Capisco, ma, come ti ho detto, noi possiamo solo basarci sui fatti: non possiamo sapere cosa pensa una persona, non possiamo sapere se fa qualcosa in modo disinteressato o se mira ad un profitto personale; possiamo però decidere se ciò che fa è utile o no (per noi e per gli altri), e se ci sono possibili conseguenze a lungo termine.

Una scelta consapevole va fatta in base a quello che possiamo vedere e controllare, non in base a quello che supponiamo o ipotizziamo (altrimenti perdiamo veramente la nostra libertà: fare leva su una questione di principio, aggiungendo un pizzico di disinformazione, è il modo piu' semplice per convincere qualcuno a diventare il tuo schiavo)


> 
> Quello è il concetto che sta alla base di SETI @ home (per
> fare un
> esempio), non certo del cloud. Quello di cui parli tu è
> condivisione - è
> uno dei termini più belli e più antichi. Il cloud è un
> modo per far soldi
> imponendo ai propri clienti di fidarsi al 100%. E' un
> termine di
> marketing.
> 

La definizione di "cloud computing", di per sè, è molto vaga: wikipedia riporta "In informatica, con il termine cloud computing si intende un insieme di tecnologie informatiche che permettono l'utilizzo di risorse hardware (storage, CPU) o software distribuite in remoto."

La piattaforma distribuita è fatta come ti ho detto io: il termine usato, "cloud", è sicuramente un termine piu' allettante (evoca una "nube" di particelle, un supercomputer costruito da migliaia di unità piu' piccole... quante volte il futuro ci è stato prospettato così? Si tratta di una immagine rassicurante, avveniristica, ideale per il marketing), ma il vero nome di ciò che viene fornito è "remote storage", e "Software as a Service"; chiamali in quel modo, e vedi che la reazione degli utenti è molto diversa; il concetto di "software as a service", quando l' ho sentito nominare per la prima volta, mi ha fatto inorridire (implicava l' idea di non poter copiare nessun programma, e nemmeno di scriverne di nuovi, e di dover usare in abbonamento quelli che si hanno, con la possibilità per il fornitore di bloccarti quando vuole), e credo che farebbe inorridire la maggior parte degli utenti; per questo usano (impropriamente) il termine "cloud
 computing", che in realtà c' entra poco.

> 
> > Quello che viene spesso chiamato cloud, in realtà, è
> il modello SaaS
> (Software as a Service), che effettivamente si può usare
> molto meglio su
> una piattaforma cloud (un singolo server non sarebbe
> accettabile, perchè
> un guasto causerebbe un disservizio a centinaia o migliaia
> di utenti).
> 
> Tecnicamente il SaaS è uno dei sottoinsiemi del cloud
> computing.

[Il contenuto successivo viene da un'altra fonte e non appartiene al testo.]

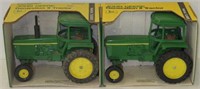 2x- Ertl JD Generation II Tractors, 1/16, NIB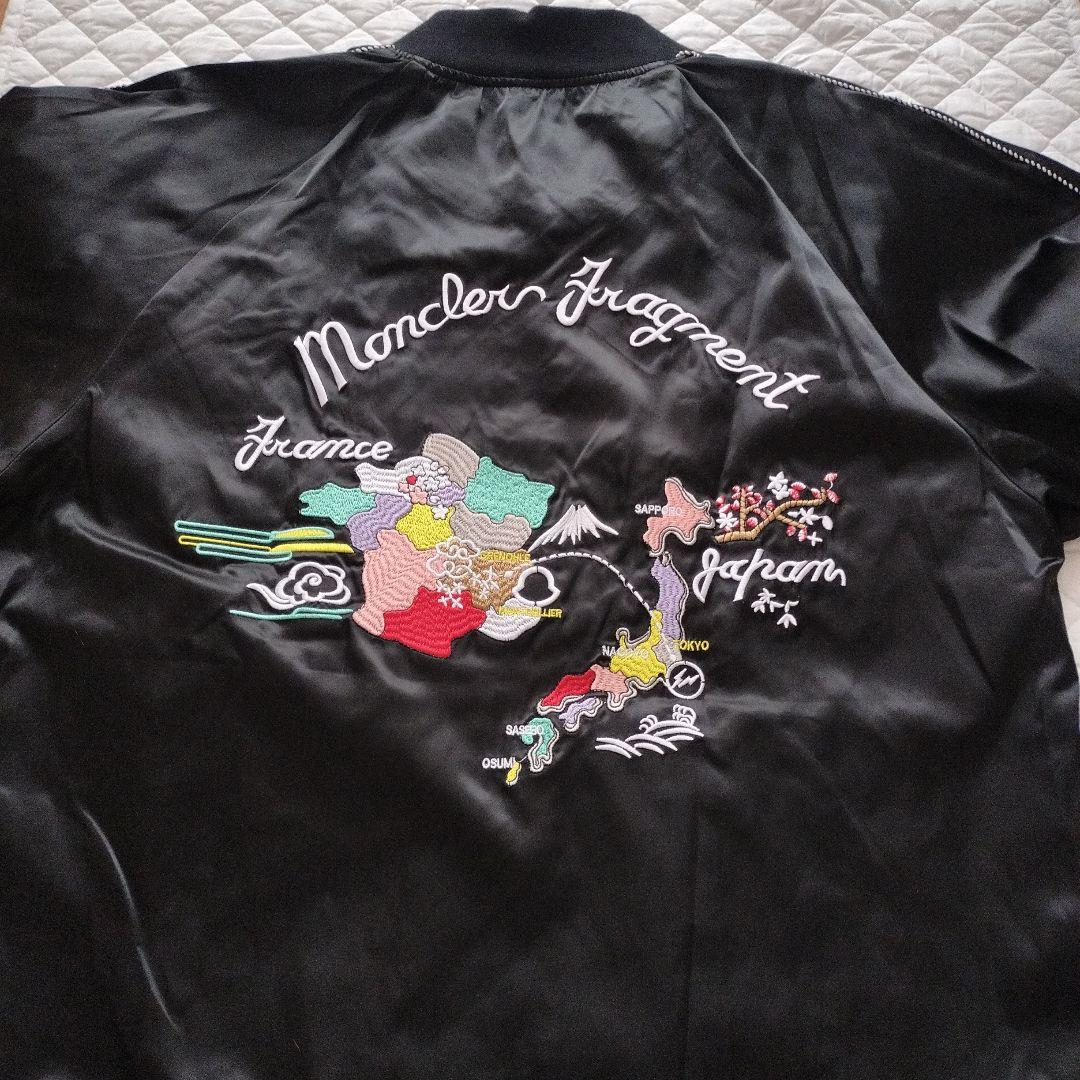 【新品】Moncler×Fragment スカジャン　新品 XL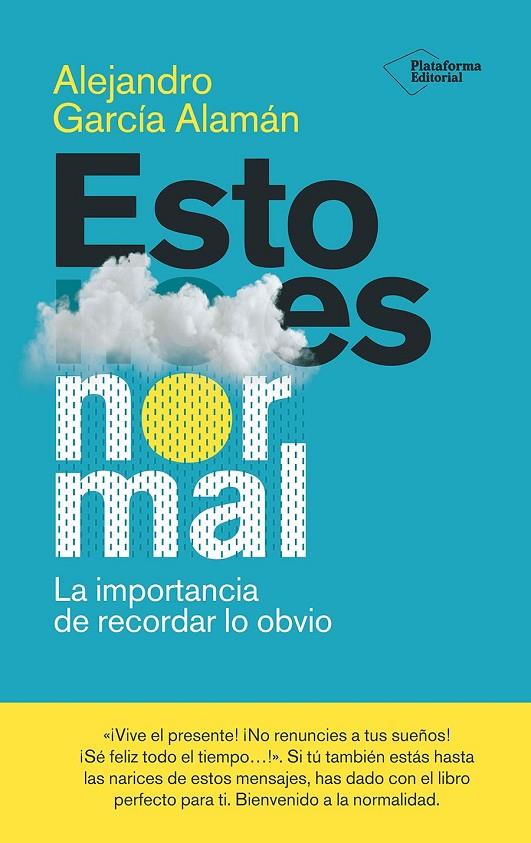 Esto es normal | 9788410243996 | García Alamán, Alejandro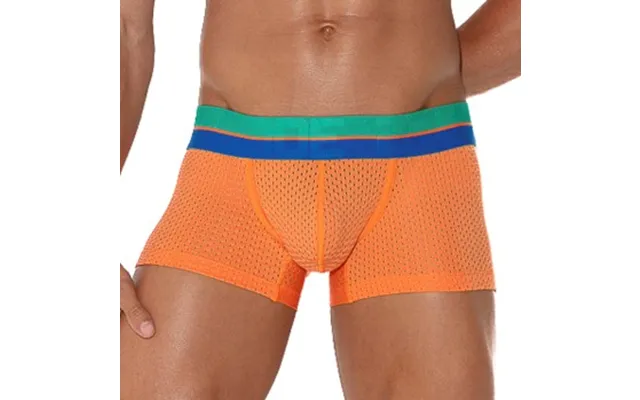 Code 22 Bright Mesh Trunk Orange Large Herre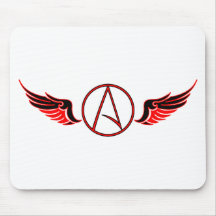 Flying "A" Mousepad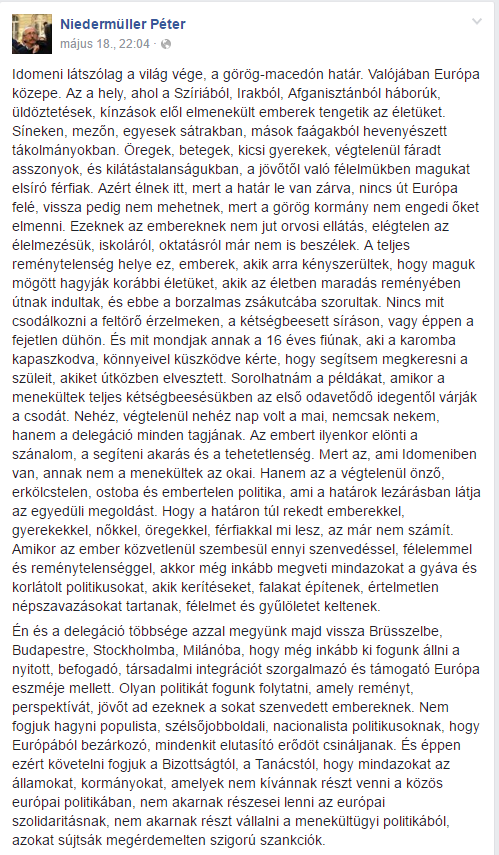 niedermüller facebook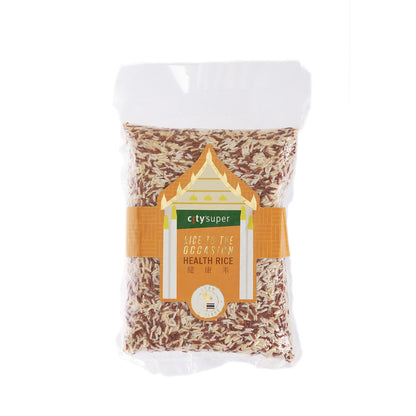 CITYSUPER 泰國健康米 (紅米, 糙米, 泰國茉莉香米) (1kg)
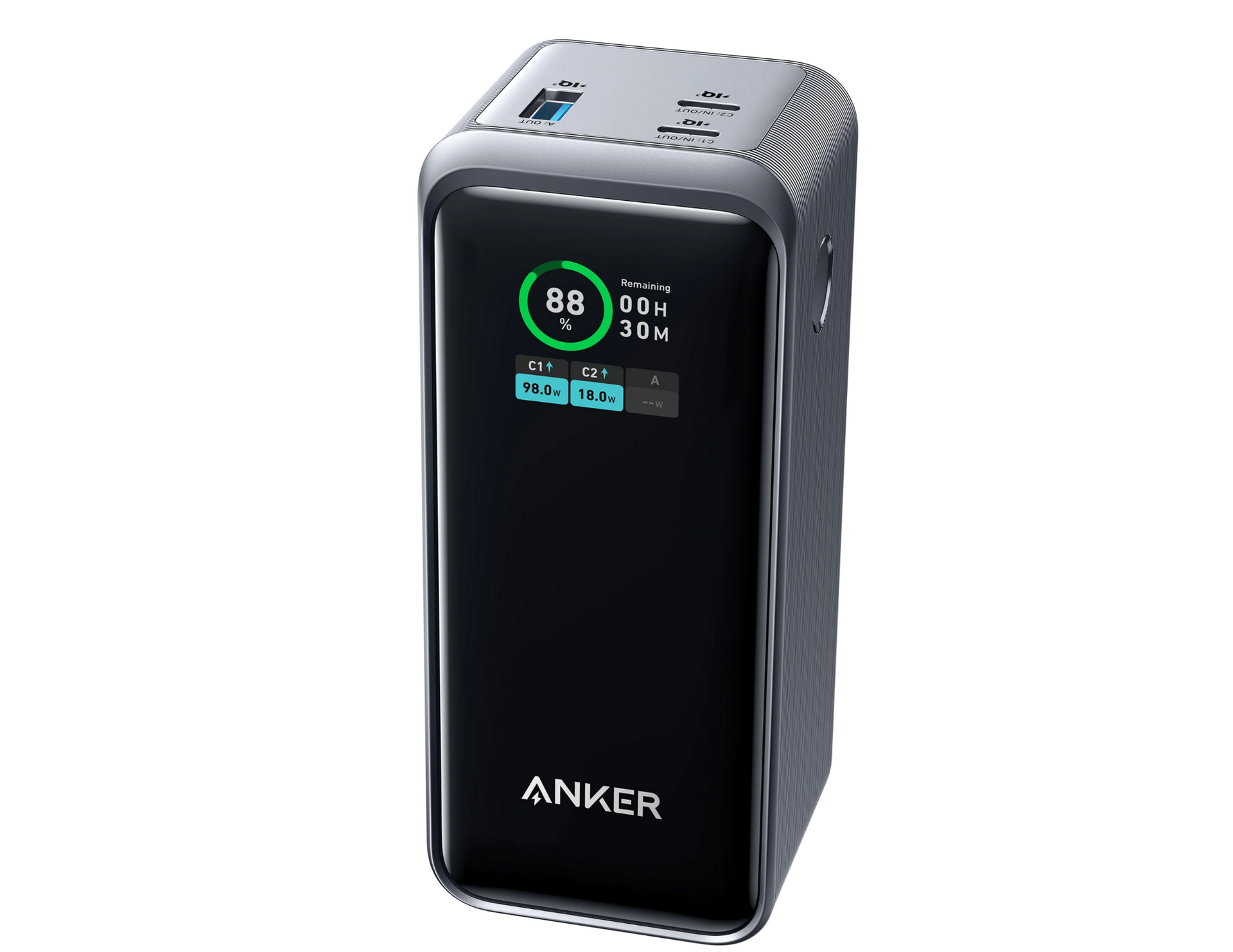 Anker Prime 20,000mAh Power Bank - 200W Fast Charging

Ce ne
> sono altri, ma interessano solo le aziende. Il SaaS invece
> interessa tutti
> (se lo intendiamo in senso strettissimo, è nato molto
> prima del WWW).

Il modello "client-server" è nato molto prima, e si usa ancora adesso; il SaaS non è un concetto informatico o tecnologico, ma commerciale, e riguarda il metodo di pagamento: con il modello delle licenze e del software proprietario, il software viene considerato come se fosse un bene materiale, e quindi "comprato" e "venduto", mentre con il SaaS, viene considerato, appunto, un "servizio", di cui tu compri una prestazione.


> Se io e te siamo amici e facciamo questo, non si chiama
> cloud ma
> condivisione, o magari solidarietà.

Se lo fanno due aziende, viene chiamato cloud (o anche se viene fatto all' interno della stessa azienda, con diversi server); un mio amico mi aveva spiegato proprio come, dove lavorava, stavano appunto realizzando un sistema del genere, in cui i dati erano memorizzati su piu' server, e quando da un terminale richiedevi una funzione in remoto, non sempre era lo stesso server a fornirtela; in questo modo, se un server doveva essere spento, non era necessario interrompere nulla, perchè tutte le sue funzioni venivano svolte dagli altri.
La vera tecnologia cloud è questa, e non è una cosa che generalmente interessi ai privati cittadini, ma solo alle aziende; per te, l' unico cambiamento potrebbe essere che i disservizi al bancomat diventano piu' rari (perchè tale struttura dovrebbe resistere meglio ai guasti), o che quando vai in un ufficio i crash della rete interna sono meno frequenti, ma niente di piu'.
Questa tecnologia è stata però usata come "scusa" per proporre un certo tipo di offerte commerciali, che di per sè non hanno nulla di innovativo, ma che vengono presentate come "nuove" grazie al fatto che usano questa nuova tecnica.


> Se invece pago
> Canonical per tenere in
> caldo i miei file, è un modo (sporco) per fare soldi.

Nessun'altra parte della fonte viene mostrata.